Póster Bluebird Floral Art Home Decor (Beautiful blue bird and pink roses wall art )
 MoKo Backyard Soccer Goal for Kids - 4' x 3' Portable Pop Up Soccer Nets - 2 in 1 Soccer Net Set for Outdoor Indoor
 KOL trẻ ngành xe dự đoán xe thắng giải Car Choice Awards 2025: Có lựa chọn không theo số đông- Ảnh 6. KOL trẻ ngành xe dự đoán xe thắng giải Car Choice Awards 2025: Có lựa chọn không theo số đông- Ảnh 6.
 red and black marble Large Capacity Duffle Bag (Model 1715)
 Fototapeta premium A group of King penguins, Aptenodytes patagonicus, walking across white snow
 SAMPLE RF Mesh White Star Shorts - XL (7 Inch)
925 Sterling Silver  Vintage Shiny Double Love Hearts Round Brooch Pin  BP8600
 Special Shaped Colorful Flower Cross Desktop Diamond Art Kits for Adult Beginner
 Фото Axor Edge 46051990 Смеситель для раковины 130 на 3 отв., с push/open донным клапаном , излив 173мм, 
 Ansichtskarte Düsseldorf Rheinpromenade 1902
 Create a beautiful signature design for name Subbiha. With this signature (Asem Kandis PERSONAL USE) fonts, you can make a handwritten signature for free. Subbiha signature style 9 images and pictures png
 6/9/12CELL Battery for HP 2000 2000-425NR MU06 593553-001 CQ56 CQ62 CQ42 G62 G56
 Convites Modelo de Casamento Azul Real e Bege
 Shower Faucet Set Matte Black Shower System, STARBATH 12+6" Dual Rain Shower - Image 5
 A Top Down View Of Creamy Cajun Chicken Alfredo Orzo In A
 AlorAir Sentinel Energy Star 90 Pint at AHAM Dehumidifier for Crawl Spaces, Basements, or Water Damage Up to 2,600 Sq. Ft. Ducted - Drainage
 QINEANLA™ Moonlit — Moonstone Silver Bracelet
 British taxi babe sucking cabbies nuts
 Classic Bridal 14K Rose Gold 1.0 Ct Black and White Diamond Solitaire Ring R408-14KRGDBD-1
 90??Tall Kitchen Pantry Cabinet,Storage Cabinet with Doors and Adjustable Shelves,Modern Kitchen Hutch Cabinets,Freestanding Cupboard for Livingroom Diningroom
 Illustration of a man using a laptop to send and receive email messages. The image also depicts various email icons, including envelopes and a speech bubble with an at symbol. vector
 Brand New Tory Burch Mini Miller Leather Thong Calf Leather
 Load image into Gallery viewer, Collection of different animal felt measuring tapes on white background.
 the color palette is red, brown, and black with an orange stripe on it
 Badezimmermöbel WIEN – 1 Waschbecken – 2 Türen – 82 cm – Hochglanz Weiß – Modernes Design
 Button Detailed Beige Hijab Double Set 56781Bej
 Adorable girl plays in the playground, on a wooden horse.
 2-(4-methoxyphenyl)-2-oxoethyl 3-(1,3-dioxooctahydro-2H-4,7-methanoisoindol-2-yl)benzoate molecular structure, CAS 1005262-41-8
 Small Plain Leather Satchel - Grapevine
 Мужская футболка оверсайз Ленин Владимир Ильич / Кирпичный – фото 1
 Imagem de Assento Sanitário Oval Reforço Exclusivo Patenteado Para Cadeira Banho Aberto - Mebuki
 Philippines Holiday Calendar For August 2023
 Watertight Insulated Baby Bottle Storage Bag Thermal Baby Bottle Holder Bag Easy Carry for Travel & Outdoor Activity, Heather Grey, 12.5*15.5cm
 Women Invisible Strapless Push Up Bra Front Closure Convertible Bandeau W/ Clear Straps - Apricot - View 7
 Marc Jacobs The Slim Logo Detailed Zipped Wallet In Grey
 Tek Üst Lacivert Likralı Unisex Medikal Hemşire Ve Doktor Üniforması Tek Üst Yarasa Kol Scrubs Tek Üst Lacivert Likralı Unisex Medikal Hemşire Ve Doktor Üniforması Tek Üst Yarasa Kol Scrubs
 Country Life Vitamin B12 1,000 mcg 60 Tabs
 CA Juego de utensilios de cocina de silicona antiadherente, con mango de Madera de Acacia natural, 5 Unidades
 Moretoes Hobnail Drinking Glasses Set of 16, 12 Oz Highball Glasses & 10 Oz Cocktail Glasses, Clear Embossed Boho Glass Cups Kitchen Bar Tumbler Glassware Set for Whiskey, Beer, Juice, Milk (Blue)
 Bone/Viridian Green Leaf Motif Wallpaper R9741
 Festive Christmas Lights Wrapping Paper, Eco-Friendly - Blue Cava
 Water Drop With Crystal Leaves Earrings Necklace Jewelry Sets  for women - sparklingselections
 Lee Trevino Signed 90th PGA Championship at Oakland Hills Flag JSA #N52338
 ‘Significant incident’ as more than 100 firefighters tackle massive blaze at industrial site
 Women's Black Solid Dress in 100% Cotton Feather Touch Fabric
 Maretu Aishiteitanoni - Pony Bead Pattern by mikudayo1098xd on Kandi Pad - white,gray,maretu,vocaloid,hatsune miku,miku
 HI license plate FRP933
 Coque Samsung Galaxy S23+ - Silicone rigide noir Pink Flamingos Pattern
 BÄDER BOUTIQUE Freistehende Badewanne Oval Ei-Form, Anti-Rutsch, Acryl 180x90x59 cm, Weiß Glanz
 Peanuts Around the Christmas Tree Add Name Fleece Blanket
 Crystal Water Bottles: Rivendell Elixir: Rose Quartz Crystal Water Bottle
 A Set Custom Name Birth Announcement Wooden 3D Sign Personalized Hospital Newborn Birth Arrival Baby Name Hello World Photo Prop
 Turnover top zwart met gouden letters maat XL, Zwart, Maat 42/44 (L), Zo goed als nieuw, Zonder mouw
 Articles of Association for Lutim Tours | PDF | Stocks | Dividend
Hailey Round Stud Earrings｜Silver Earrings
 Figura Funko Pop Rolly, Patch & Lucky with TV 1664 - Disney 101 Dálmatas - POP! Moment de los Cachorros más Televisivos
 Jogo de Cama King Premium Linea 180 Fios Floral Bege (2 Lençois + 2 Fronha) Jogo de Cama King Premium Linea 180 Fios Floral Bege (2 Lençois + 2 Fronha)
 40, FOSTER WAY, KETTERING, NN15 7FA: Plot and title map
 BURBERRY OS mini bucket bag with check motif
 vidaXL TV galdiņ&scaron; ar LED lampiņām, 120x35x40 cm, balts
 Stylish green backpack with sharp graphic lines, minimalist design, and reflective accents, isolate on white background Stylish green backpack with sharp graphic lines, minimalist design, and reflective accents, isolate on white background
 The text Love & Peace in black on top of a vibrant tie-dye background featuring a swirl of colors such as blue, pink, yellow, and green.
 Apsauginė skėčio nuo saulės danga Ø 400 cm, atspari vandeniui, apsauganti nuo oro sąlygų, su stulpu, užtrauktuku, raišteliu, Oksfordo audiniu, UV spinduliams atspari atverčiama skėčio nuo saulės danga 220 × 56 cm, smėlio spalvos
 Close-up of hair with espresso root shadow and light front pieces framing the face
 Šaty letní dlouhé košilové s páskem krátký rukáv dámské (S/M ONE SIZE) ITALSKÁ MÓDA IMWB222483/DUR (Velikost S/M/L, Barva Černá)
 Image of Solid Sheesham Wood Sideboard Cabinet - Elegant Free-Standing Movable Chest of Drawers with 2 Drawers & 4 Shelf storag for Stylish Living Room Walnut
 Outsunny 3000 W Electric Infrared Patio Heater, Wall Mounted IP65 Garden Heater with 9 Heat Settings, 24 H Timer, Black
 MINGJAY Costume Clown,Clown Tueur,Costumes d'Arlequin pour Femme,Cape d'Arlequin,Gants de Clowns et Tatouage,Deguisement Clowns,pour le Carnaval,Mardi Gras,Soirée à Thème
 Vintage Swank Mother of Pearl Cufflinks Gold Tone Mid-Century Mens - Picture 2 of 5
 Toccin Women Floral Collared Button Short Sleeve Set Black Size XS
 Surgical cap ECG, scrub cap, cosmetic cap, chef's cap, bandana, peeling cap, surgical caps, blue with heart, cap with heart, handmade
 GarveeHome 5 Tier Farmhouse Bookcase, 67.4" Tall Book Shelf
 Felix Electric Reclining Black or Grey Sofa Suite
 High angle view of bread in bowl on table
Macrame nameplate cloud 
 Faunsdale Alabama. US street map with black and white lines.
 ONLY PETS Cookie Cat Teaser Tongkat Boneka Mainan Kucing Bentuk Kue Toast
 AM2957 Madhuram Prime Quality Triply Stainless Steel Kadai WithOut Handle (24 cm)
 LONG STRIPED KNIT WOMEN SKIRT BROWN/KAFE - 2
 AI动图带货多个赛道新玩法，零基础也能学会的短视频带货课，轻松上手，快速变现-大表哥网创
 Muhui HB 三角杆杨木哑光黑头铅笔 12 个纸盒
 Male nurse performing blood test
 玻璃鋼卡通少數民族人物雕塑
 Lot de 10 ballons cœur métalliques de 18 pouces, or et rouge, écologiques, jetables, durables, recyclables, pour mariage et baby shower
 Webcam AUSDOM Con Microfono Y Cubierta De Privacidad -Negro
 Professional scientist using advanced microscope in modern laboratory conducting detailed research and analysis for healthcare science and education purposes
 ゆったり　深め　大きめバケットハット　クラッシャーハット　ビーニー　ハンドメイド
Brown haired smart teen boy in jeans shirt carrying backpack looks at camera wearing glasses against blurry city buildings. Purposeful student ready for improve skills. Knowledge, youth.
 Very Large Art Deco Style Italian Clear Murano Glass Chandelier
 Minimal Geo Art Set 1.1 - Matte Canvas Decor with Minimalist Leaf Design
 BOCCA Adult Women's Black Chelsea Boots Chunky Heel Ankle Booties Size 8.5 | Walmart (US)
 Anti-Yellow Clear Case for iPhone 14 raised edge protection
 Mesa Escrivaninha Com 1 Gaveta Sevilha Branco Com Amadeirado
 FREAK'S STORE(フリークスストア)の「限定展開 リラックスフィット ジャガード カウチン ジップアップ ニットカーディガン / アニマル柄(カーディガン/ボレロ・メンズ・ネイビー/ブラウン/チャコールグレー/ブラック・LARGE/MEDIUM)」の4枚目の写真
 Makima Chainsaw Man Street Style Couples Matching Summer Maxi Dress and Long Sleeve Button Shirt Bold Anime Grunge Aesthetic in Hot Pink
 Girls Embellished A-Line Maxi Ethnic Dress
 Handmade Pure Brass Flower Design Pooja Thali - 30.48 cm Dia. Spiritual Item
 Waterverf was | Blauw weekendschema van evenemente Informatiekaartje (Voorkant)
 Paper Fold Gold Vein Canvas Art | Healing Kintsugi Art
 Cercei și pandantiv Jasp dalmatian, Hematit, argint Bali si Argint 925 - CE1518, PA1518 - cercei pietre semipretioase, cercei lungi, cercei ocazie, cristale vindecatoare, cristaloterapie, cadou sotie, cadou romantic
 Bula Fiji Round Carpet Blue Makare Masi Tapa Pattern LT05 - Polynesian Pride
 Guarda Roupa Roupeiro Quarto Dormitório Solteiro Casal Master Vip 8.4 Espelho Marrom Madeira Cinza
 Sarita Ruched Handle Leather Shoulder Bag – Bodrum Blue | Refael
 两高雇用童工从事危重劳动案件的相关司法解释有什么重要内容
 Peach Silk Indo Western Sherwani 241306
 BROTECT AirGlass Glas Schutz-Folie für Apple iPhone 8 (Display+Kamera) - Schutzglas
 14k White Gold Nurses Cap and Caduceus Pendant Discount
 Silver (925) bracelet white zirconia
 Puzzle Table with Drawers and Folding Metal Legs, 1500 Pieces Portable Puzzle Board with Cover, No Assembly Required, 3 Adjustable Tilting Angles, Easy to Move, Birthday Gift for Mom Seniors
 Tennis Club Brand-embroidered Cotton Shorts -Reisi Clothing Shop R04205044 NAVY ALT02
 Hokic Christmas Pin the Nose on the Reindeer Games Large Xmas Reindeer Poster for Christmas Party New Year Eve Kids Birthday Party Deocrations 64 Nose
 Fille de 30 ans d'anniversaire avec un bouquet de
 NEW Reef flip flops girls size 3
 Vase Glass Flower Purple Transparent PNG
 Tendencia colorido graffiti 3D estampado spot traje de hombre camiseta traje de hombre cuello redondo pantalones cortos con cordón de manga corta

▶ **What is needed**: Go through the records above and return each line in which the word "iPhone" occurs.

▶ **Response for this exercise**:
 Anti-Yellow Clear Case for iPhone 14 raised edge protection
 BROTECT AirGlass Glas Schutz-Folie für Apple iPhone 8 (Display+Kamera) - Schutzglas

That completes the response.